Some of these Ask Me Anything threads on Reddit are really fascinating, and often times, you'll get people who are/were heavily involved in the cs/startup/business industries. I'm not sure if you guys view these sort of submissions as spammy, so I've tried to not submit every AMA thread that I find relevant and interesting. Anyway, lots of interesting information in this one.
I think this comment by the exec may be relevant. (He is talking about his thoughts on starting a company, which he is a part of now.)
"A cool technology or product is not a company or a business. A real business is as much about sales & marketing as it is about product. Even if you have invented a flying moon car that runs on urine, if you can't sell it, you don't have a business. Do not start a business without a marketing person and a salesperson."
You may not agree about starting with a marketing guy and a sales guy, but I think that if these are shoes you can't or don't want to fill, you must hire them soon.
This guy was hired right out of college and worked his way up in a massive corporation over 10 years. I would trust his opinions on starting a new company very little.
There's no doubt he can talk to the talk.
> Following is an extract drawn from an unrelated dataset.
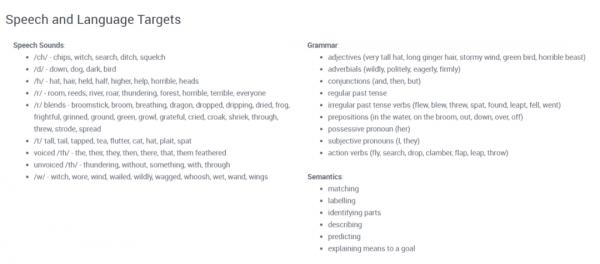 一本拿獎拿到手軟的繪本，完美地講述了友情、勇氣和智慧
That's the primary mechanism for promotion in a big company. I would be very careful about mistaking his opinions for actual experience.
Also keep in mind, he graduated with a CS degree, not a business degree, and he's in a small business now.
"I was hired soon after college (computer science degree) and rose up the ranks from product development"
So this guy started with a CS degree, hired into product development for a major tech company, and was promoted from there.
I'm not saying that necessarily translates to starting a company, but I think his advice holds a little more knowing that he worked both sides of the equation (Product development and management).
In case you're unfamiliar with the IAmA series on Reddit (which I see is getting positive feedback from HN readers, needless to say), a 'starred' post such as this one means that the OP has verified his/her identity with a subreddit moderator.
Just wanted to point out since this new process was implemented only few days ago.
The IamA subreddit is developing an interesting culture. There are some issues of people faking, but in general it shows an interesting cross-section of life in a very addicting and supportive way.
Redditors seem to take a certain pride in being uneducated. Better to spend months reinventing a square wheel poorly than to Google a bit and find a paper on how to design round wheels.
I take issue with the "So true" statement. It's either true or false, not a degree of true or false. That would be fuzzy logic or something and that's just bullshit.